From Car Talk.

RAY:This puzzler is from my “ceiling light” series. Imagine, if you will, that you have a long, long corridor that stretches out as far as the eye can see. In that corridor, attached to the ceiling are lights that are operated with a pull cord.There are gazillions of them, as far as the eye can see. Let’s say there are 20,000 lights in a row.

They’re all off. Somebody comes along and pulls on each of the chains, turning on each one of the lights. Another person comes right behind, and pulls the chain on every second light.

TOM:Thereby turning off lights 2, 4, 6, 8 and so on.

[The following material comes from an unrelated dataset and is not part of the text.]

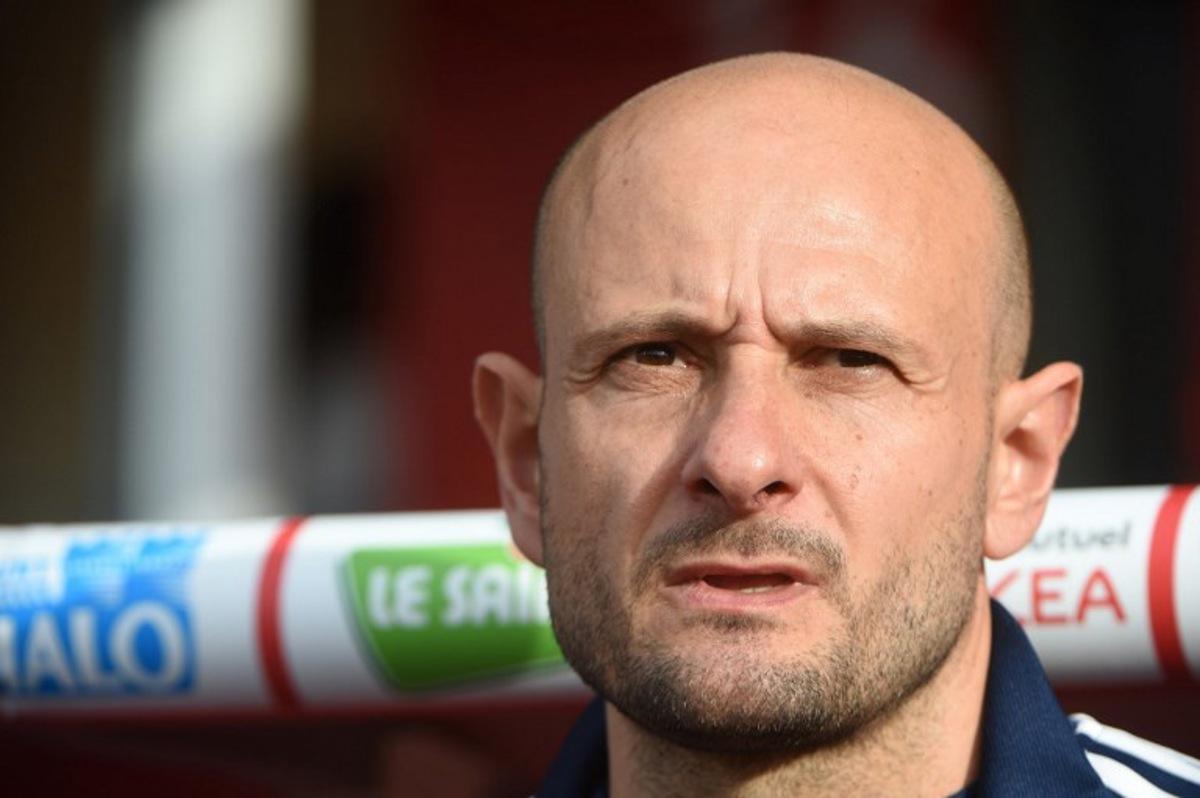 Brest's French goalkeeping coach and alternate head coach Julien Lachuer looks on during the French L1 football match between Stade Brestois 29 (Brest) and ES Troyes AC at the Francis Le Ble stadium in Brest on November 13, 2022.  Jean-Francois MONIER / AFP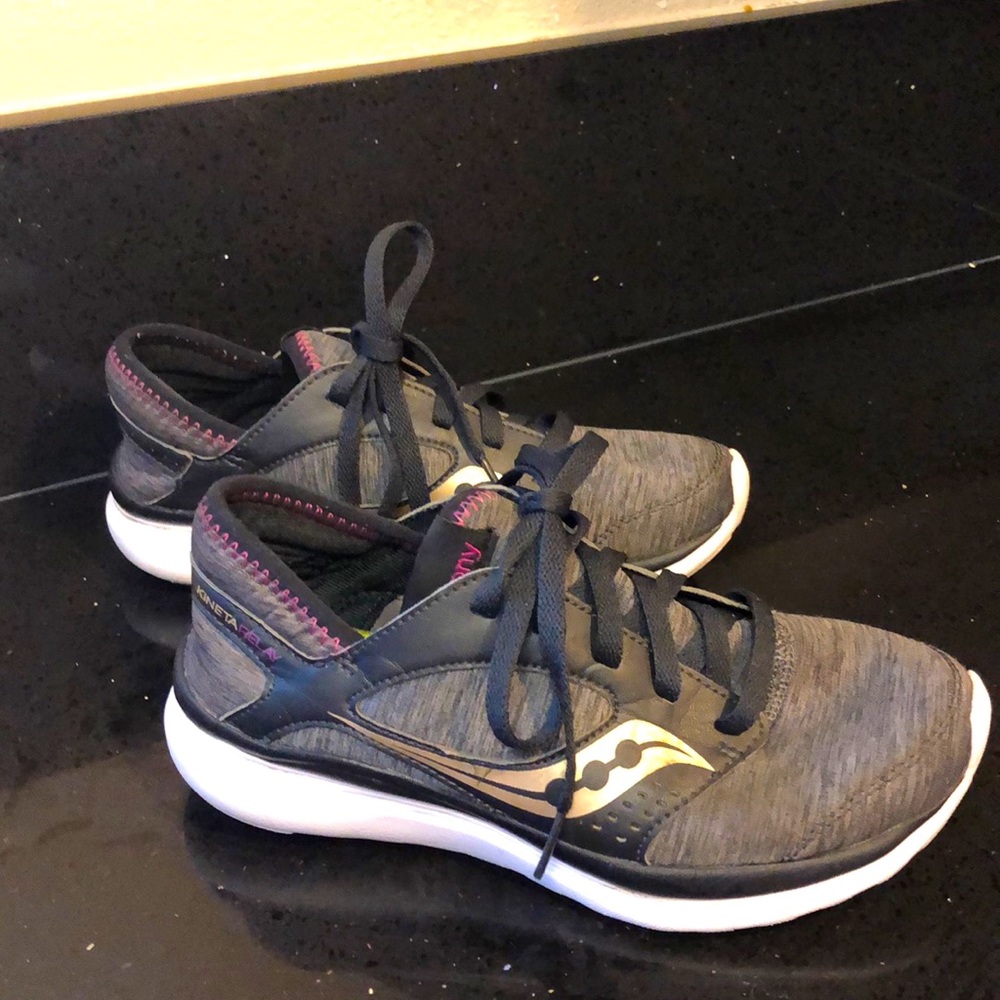 Saucony tennis shoes/sneakers (black & grey)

RAY:Right. Now, a third person comes along and pulls the cord on every third light. That is, lights number 3, 6, 9, 12, 15, etcetera. Another person comes along and pulls the cord on lights number 4, 8, 12, 16 and so on. Of course, each person is turning on some lights and turning other lights off.If there are 20,000 lights, at some point someone is going to come skipping along and pull every 20,000th chain.

When that happens, some lights will be on, and some will be off. Can you predict which lights will be on?

I created a Python program that prints the lights that are on (I got stumped trying to figure it out, and for some reason this method was easier for me). Found here.

I like this problem a lot because you can get stumped holding onto the on/off value of 20,000 lights, or you can focus on the underlying patterns. This is the sort of problem that’s accessible for students of any age (depending on how it’s structured), and even a pretty sweet college level problem to prove.

It’s all about the # of divisors. A light will be turned on by one of it’s divisors and off by the other (for example, 15 would be changed by 1 and again by 15). With that in mind, it comes down to those numbers with an odd number of divisors, aka. the perfect squares.